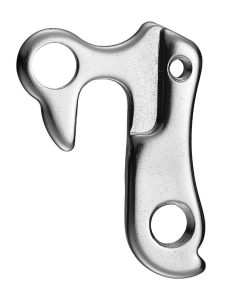 Patte de Derailleur Alu Marwi Bianchi-Giant-Colnago... Gh-021 (Vendu A L'Unite Sur Carte)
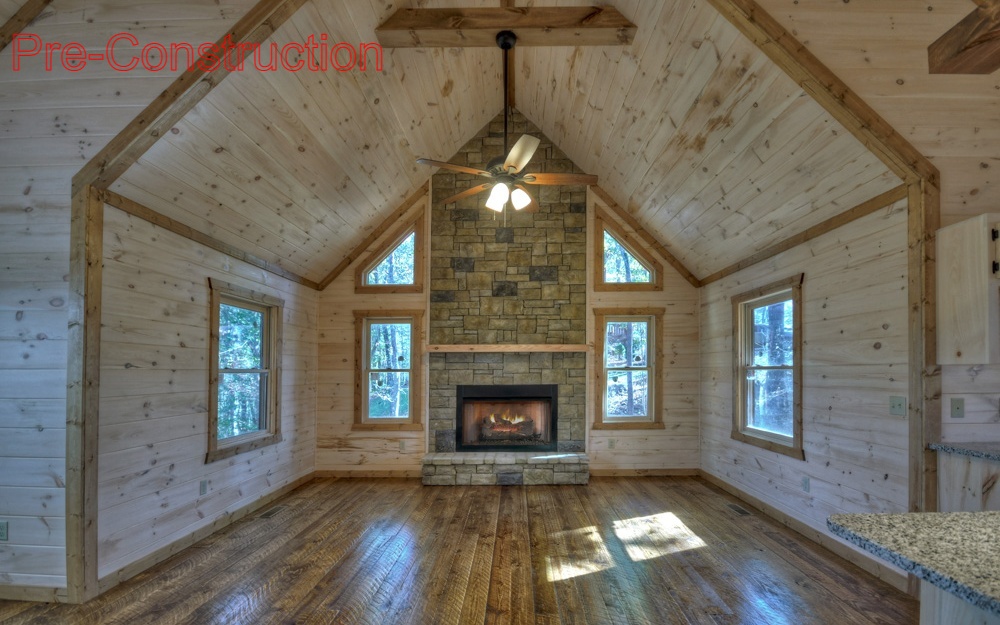 413838 Blue Ridge Residential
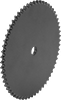 Flat Sprockets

────────

Exercise aim:
Retype each line above exactly. Leave the images out.

Response for this exercise:
 Patte de Derailleur Alu Marwi Bianchi-Giant-Colnago... Gh-021 (Vendu A L'Unite Sur Carte)
 413838 Blue Ridge Residential
 Flat Sprockets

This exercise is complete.